Nach: Wacholderheiden. Landesanstalt für Umweltschutz Baden-Württemberg,
Karlsruhe: Februar 2001.
Originalversion
der Broschüre der LfU (4,6 MB)
3. Lernort Heide
Wie bereits erwähnt, sind Wacholderheiden in Baden-Württemberg weit verbreitet.

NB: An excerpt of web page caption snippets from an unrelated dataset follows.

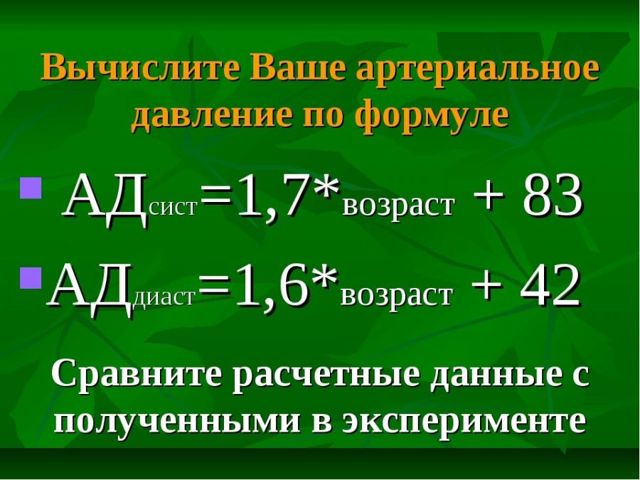 Норма давления по возрастам у женщин: таблица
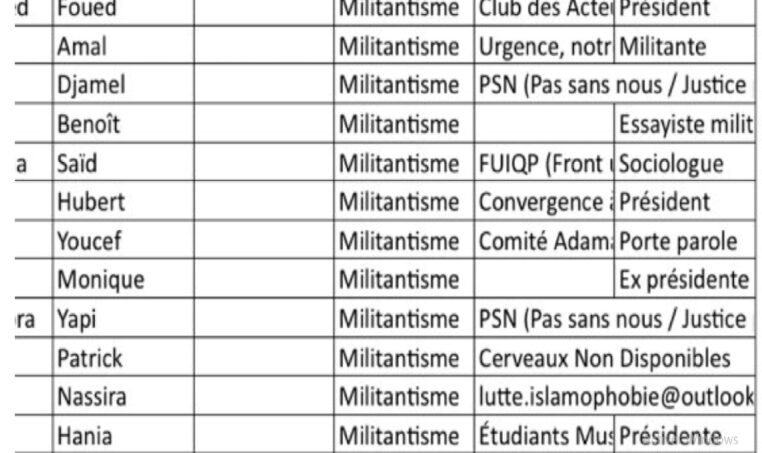 La Cnil analyse la légalité d'un fichier publié par FdeSouche regroupant les "islamogauchistes"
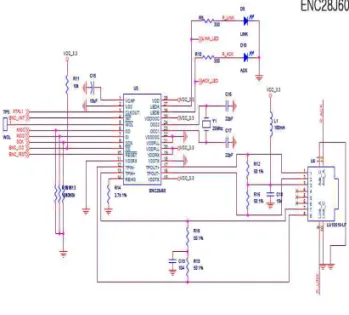 그림 5. 이더넷 제어기 회로 Fig. 5.Ethernet Controller Circuit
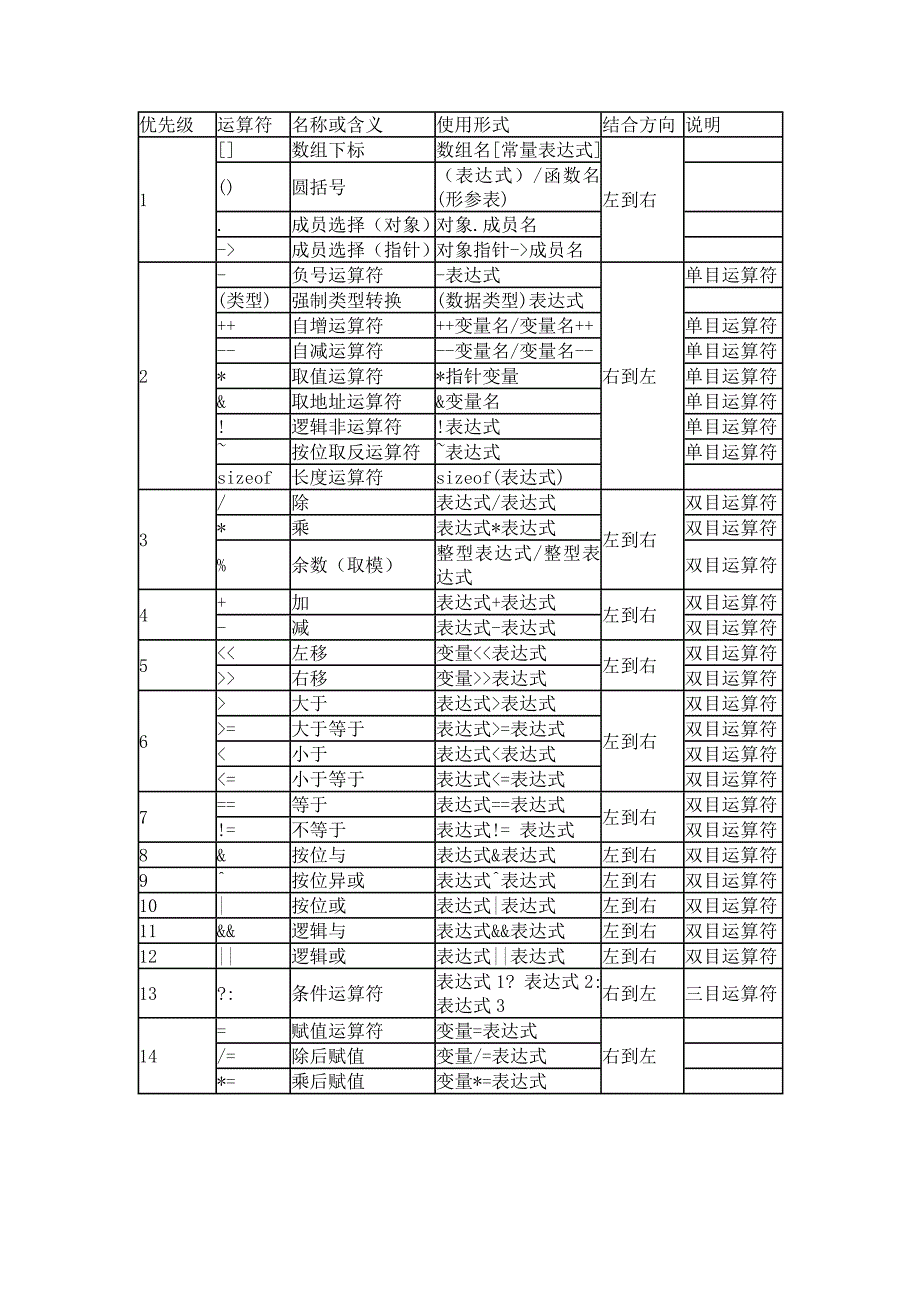 运算符优先列表编程命名规则Word_第1页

Dies hat den Vorteil, dass sehr viele Schulen diesen Typ einer historischen
Kulturlandschaft in fußläufiger Entfernung besitzen dürften. Das Aufsuchen
dieses Lernortes wird am besten mit dem Besuch bei einem Schäfer verbunden.
Besuch bei einem Schäfer
Über den
Schafzuchtverband Baden-Württemberg e. V. können Adressen lokaler Schäfereibetriebe herausgefunden werden. Diese sind oft
bereit, eine Schulklasse zu empfangen und über ihren Arbeitsalltag zu
berichten. Kaum jemand kann die Zusammenhänge von Ökonomie, Ökologie und
Gesellschaft am Beispiel der Wacholderheiden so anschaulich erklären wie ein
Schäfer.

Fragen an die Schäferin Johanna von Mackensen bei Gomadingen
© Michael Hägele

Mit offenen Augen über die Wacholderheide
© Michael Hägele
Wacholderheiden vor Ort
Im Idealfall ist es möglich, den Schäfer mit seiner Herde auf einer
Wacholderheide aufzusuchen, wo er vor Ort bestimmte Zusammenhänge erläutern
kann. Es bietet sich auch an, die Schülerinnen und Schüler in Abhängigkeit von
der jeweiligen Jahreszeit nach typischen Pflanzen der Wacholderheide suchen zu
lassen, beispielsweise in Form eines gemeinsamen Rundgangs (am besten mit dem
Schäfer) oder als eine Art "Wacholderheiden-Rallye".
Bei der Suche nach geeigneten nahe gelegenen Wacholderheiden erweist sich neben
der Topographischen Karte 1:50 000 die Satellitenansicht von
Google-Earth als
ganz praktisch. Auf eine Vorexkursion sollte trotzdem nicht verzichtet werden.